Provided records:

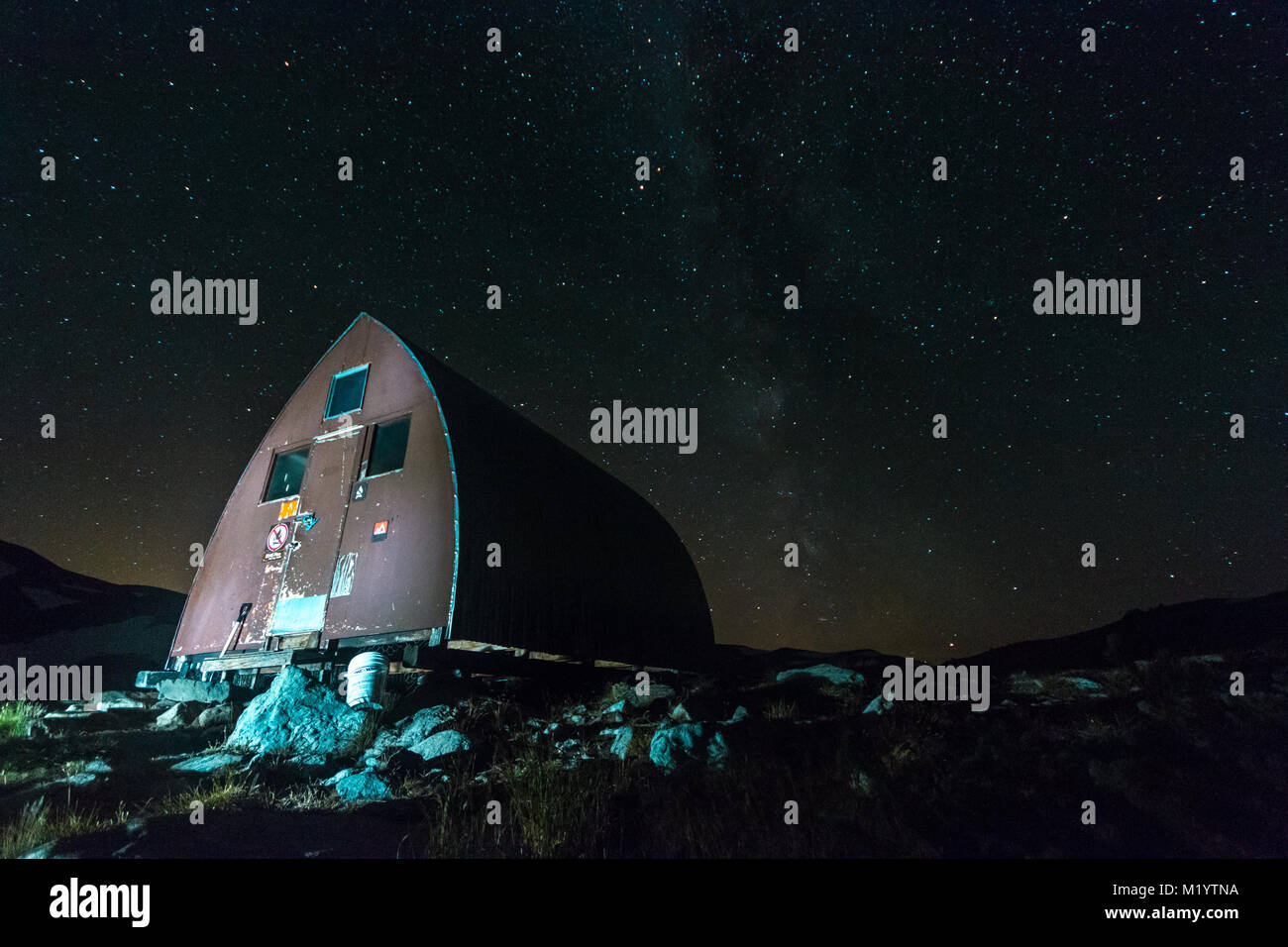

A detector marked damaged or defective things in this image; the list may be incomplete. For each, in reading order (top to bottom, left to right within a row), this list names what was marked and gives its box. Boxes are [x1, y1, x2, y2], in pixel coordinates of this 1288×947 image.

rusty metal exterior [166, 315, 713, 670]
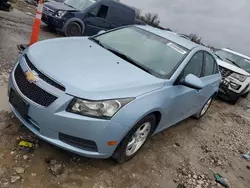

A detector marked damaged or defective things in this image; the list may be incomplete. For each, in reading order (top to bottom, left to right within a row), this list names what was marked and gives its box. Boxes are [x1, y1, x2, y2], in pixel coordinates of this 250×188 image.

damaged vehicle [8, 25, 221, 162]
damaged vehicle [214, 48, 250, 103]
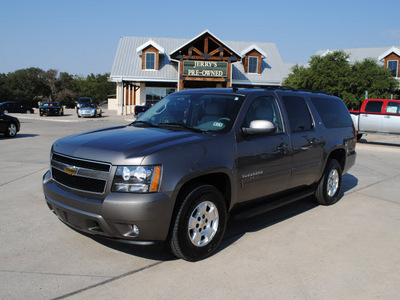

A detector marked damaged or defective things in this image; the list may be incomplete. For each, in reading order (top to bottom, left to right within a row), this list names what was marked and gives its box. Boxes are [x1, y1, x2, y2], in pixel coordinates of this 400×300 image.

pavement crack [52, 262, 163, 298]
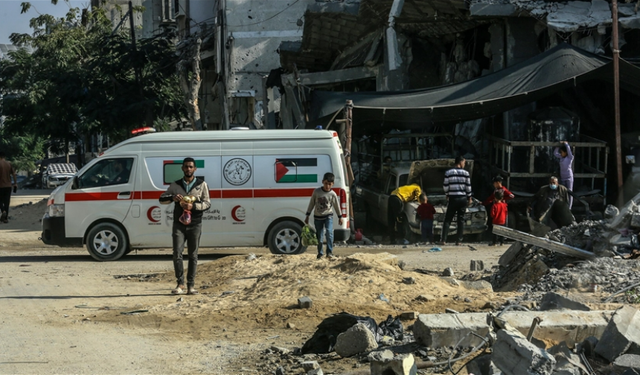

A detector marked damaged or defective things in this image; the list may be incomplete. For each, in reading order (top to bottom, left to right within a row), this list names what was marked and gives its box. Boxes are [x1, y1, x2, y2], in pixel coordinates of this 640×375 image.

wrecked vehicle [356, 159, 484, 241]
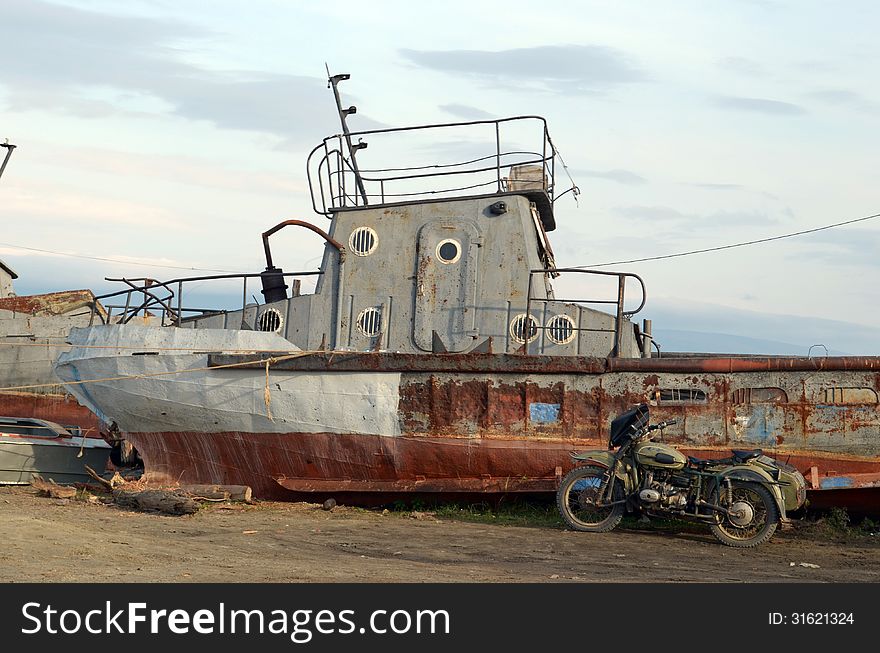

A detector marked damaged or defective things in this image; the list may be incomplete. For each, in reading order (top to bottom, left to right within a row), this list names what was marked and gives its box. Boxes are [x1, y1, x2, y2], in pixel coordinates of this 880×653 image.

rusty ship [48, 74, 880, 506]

What the exercise asks: Could you return the whole listing exactly, with every picture removed?

Result below:
A detector marked damaged or defective things in this image; the list may be incomplete. For each, in reading order (top to bottom, left to right within a row), this list names what was marked and gives its box. Boxes are [x1, y1, x2, y2], in pixel coordinates of this 1288×947 image.

rusty metal exterior [166, 315, 713, 670]

A detector marked damaged or defective things in this image; the list may be incomplete. For each, in reading order (top to bottom, left to right within a row), this list names what was marked and gives its box. Boxes are [x1, y1, x2, y2], in pixel coordinates of this 250×188 image.

damaged vehicle [8, 25, 221, 162]
damaged vehicle [214, 48, 250, 103]

A detector marked damaged or defective things in this image; the list may be incomplete. For each, in reading order (top to bottom, left to right within a row), this list names what was marked and gives its box. Boxes are [x1, y1, x2, y2], in pixel coordinates of this 400×300 image.

pavement crack [52, 262, 163, 298]

A detector marked damaged or defective things in this image; the list may be incomplete. For each, in reading order (top to bottom, left to right within a row), this list names what was marked and gives its box. Boxes are [x1, y1, x2, y2], in pixel coordinates of this 640×375 image.

wrecked vehicle [356, 159, 484, 241]

A detector marked damaged or defective things in this image; the list may be incomplete. For each, in reading order (top to bottom, left to right within a row), this list names what was marked and gives its box. Boxes are [x1, y1, x2, y2], in pixel coordinates of this 880×653 image.

rusty ship [48, 74, 880, 506]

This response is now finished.